Today I found myself with ten minutes to fill at the end of class. I filled it in the following way and highly recommend this as a way to fill up time fast:
Pick a sentence. Any sentence. Start getting reps on it. That’s it. In my situation today of having those ten minutes at the end of class and having to fill them, as I looked around the room, my eyes rested on a reading that we had just done in that class. It was actually still projected on the board. I let my eyes travel to this sentence in the reading:
“When Anoushka is afraid she gets nervous.”
In the past when I was less experienced I would have missed what a gold mine that sentence is. It is not just potentially full of fun CI that could gobble up those ten minutes and make them feel as if they are only ten seconds; it could also be expanded into a mountain of CI if I had more time.
THIS IS WHAT WE DO IN CI. We work from the small to the large, from the specific to the general. We take something small, a few words, a single word, anything with a little life in it, and, like cotton candy in those machines at the county fair, we spin sweetness out of the granules of sugar and feast on it in class. THAT IS WHAT WE DO.
We go from the specific to the general. We spin lots of language from a little language. We do this because we want to communicate with our students.

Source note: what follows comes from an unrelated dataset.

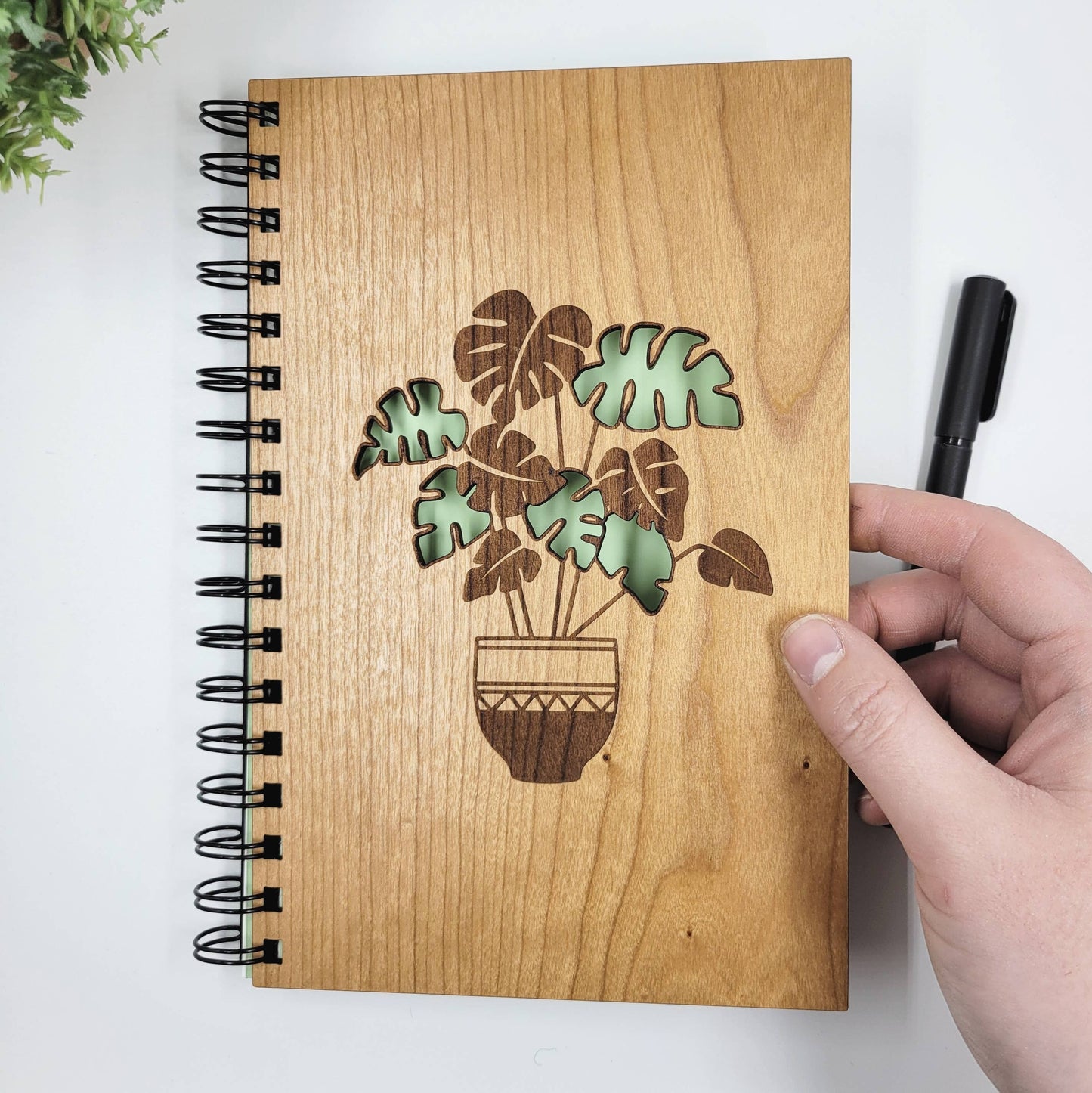 Monstera Plant Wood Journal - Stationery, Journals, Notebook: Lined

When we build a story we lift the heavy yoke from our shoulders, the yoke that is the false belief that “we are the teacher” and “we are in charge” and “it’s all up to us”, and instead we now see the possibility that we can bow humbly to the magical process, a process that sometimes feels as if it is being guided along by angelic beings somewhere in the room that we can’t see, a process that happens when we GIVE UP CONTROL in order to CREATE SOMETHING NEW with our students.
When we GIVE UP THAT CONTROL, giving up that heavy yoke that says, “I have to teach this class!” written on it in big letters, and when we take a simple sentence that the kids already know and we JUST TALK ABOUT IT TO THE KIDS, expanding it, and we just start using it, we find out things like:
When Oliver is afraid, he doesn’t get nervous.
When Mikayla is afraid, she gets a little nervous, but not much.
When Ana is afraid, she doesn’t get nervous at all.
When Daniel is afraid, he gets nervous.
Each of these bits of information that I got by extending a sentence from the reading is ABOUT MY KIDS AND THEREFORE INTERESTING AND WORTHWHILE TO KNOW, because the business of human communication which as language teachers is our business is WHAT WE DO.
We FIND THINGS OUT ABOUT OUR KIDS. This is called communication and Eric is right to make it clearly what is becoming one of the signature threads on our PLC for 2015-2016.
Did I even know that I was going to pick that sentence to fill the last ten minutes of class. No. Did it matter which sentence I chose? No. This is because as we grow deeper and deeper into maturity with this great human participatory and creative process that we call TPRS or CI or whatever, we are starting to figure out that the nuts and bolts and mechanical aspects of it JUST DON’T MATTER.